On Tuesday, Asian currencies traded in a narrow range due to worries over escalating U.S.-China tensions, and the dollar fell on speculation that Federal Reserve Chair Jerome Powell will sound less hawkish at a speech later in the day.

 

Foreign Minister Qin Gang issued a warning that a dispute with the US could worsen if the latter does not temper its language toward China, which caused the Chinese yuan to decline by 0.1%.

 

His remarks shook people’s perceptions of China, partly negating figures that showed the nation had a record trade surplus in February. Yet, a larger-than-anticipated drop in Chinese imports and a mediocre GDP estimate for 2023 have increased worries about a country’s economy recovering slowly.

 

Broader The Japanese yen fell 0.1%, while Asian currencies maintained a narrow range.
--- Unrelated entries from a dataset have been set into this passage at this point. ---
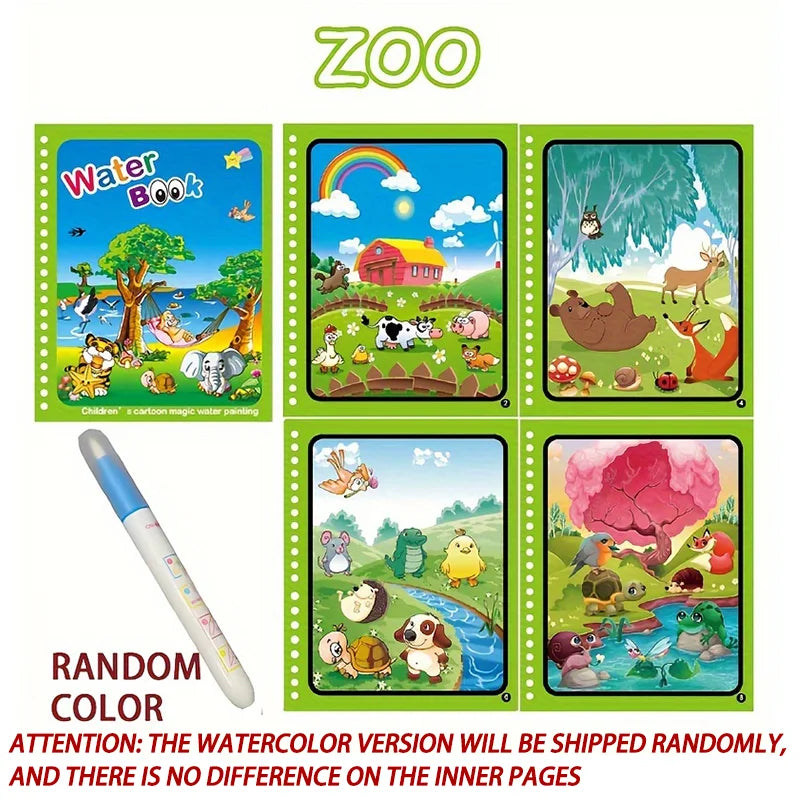 IPCBEC Kids Multicolor Plastic Magical Watercolor Picture Painting-Coloring-Drawing Cardboard Paper Reused One Copy Notebooks Coloring Books-Pads /Ages: 3-18 Years Old/Colors-Red/Blue/Green/Multicolor/Animals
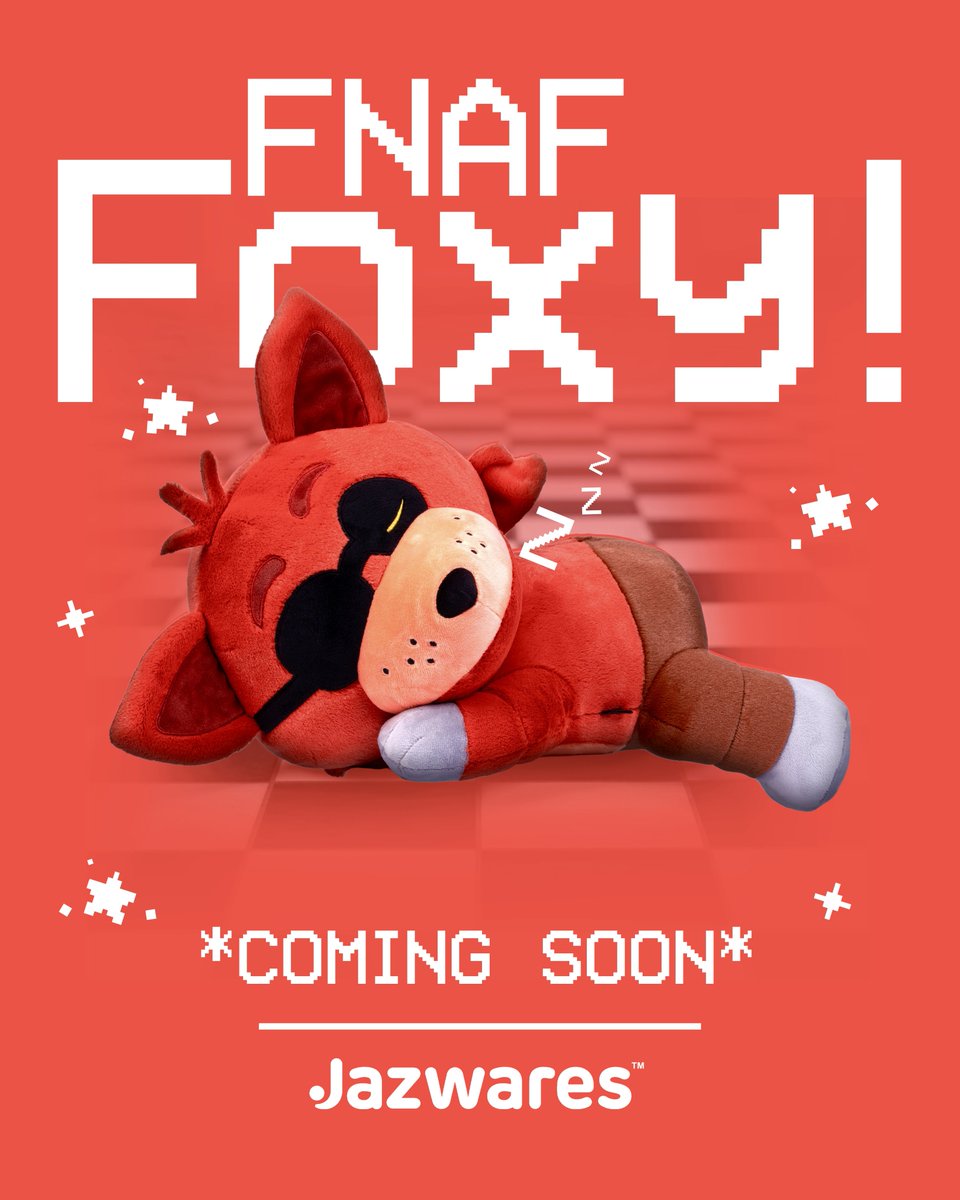 FNAF_ScottGames's tweet photo. Foxy Sleeping Plushies are coming soon! https://t.co/tybyFpTqWa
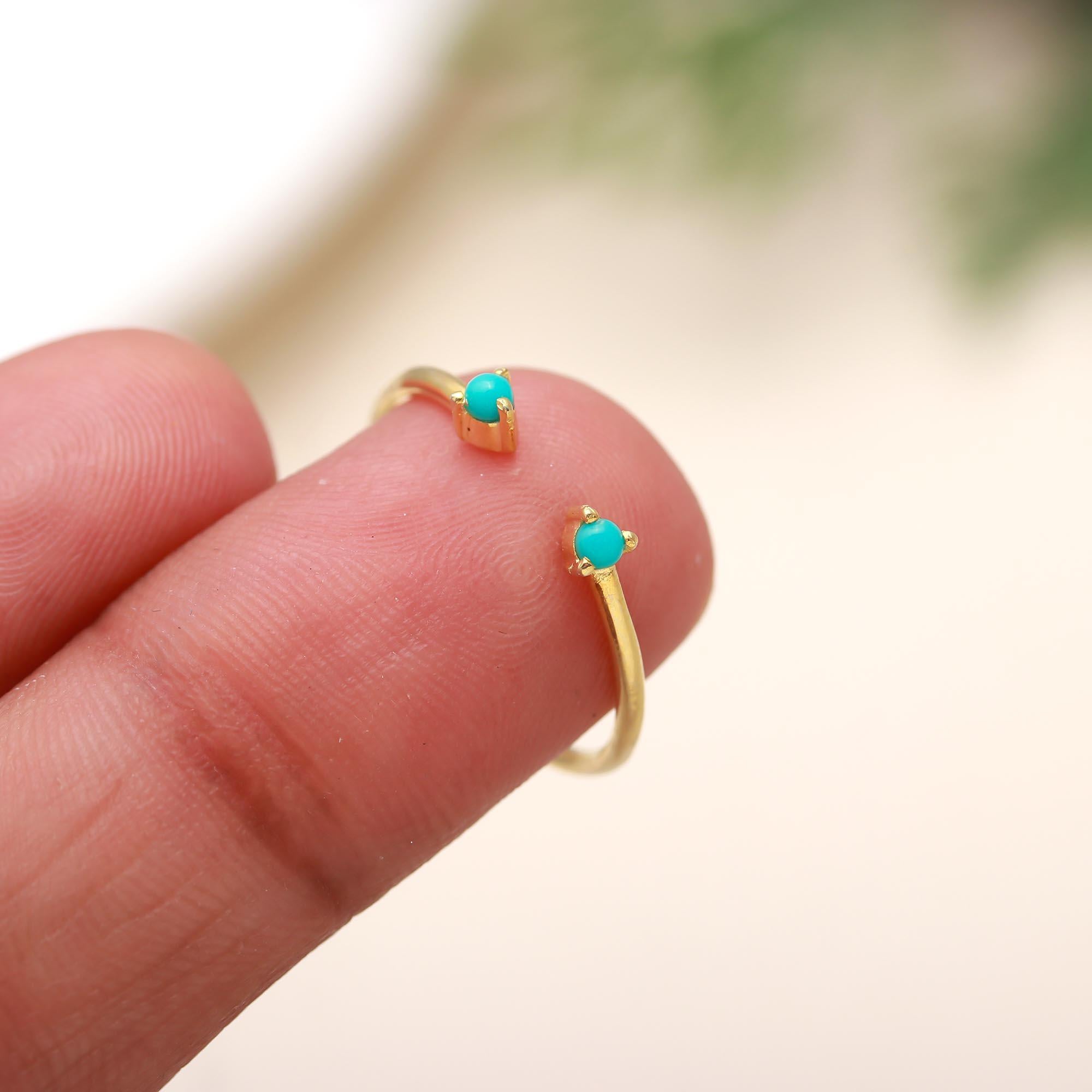 925 Silver Turquoise Open Ring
There was less pressure on the Bank of Japan to tighten its ultra-loose policies after data revealed that salary growth in Japan slowed significantly in January.

 

Even as the Reserve Bank increased interest rates and announced that it would tighten policy further to fight inflation, the Australian dollar declined by 0.2%.

 

Additionally, the bank noted that Australian inflation had likely reached its peak, which suggests that the bank’s cycle of rate increases will eventually slow down.

 

 

The Thai baht was restrained as inflation came in lower than anticipated for February, while the Indonesian rupiah led losses in Southeast Asia with a 0.4% decline.

 

As a result of a lower-than-anticipated inflation report, the Philippine peso also experienced sideways trading.

 

The dollar lost ground overnight versus a basket of currencies as some wagers were placed that Powell, the Fed’s chairman, would adopt a less hawkish tone during his two-day appearance before Congress, which starts later on Tuesday.

 

Both the dollar index and the dollar index futures saw declines of 0.1%, still suffering from the previous week’s significant losses. Even still, the yield curve continued to invert. Overnight, U.S. Treasury yields also decreased.

 

Given the strength of the labor market and the persistence of inflation, Powell will provide more guidance on monetary policy in the upcoming months.

 

Yet, the burden of rising inflation and interest rates was also believed to be slowing down U.S. economic activity, with manufacturing activity declining even further in February.

 

Asian currencies will suffer from rising U.S. rates as the difference between high-risk and low-risk loans gets smaller. Asian markets have suffered from the pattern through 2022.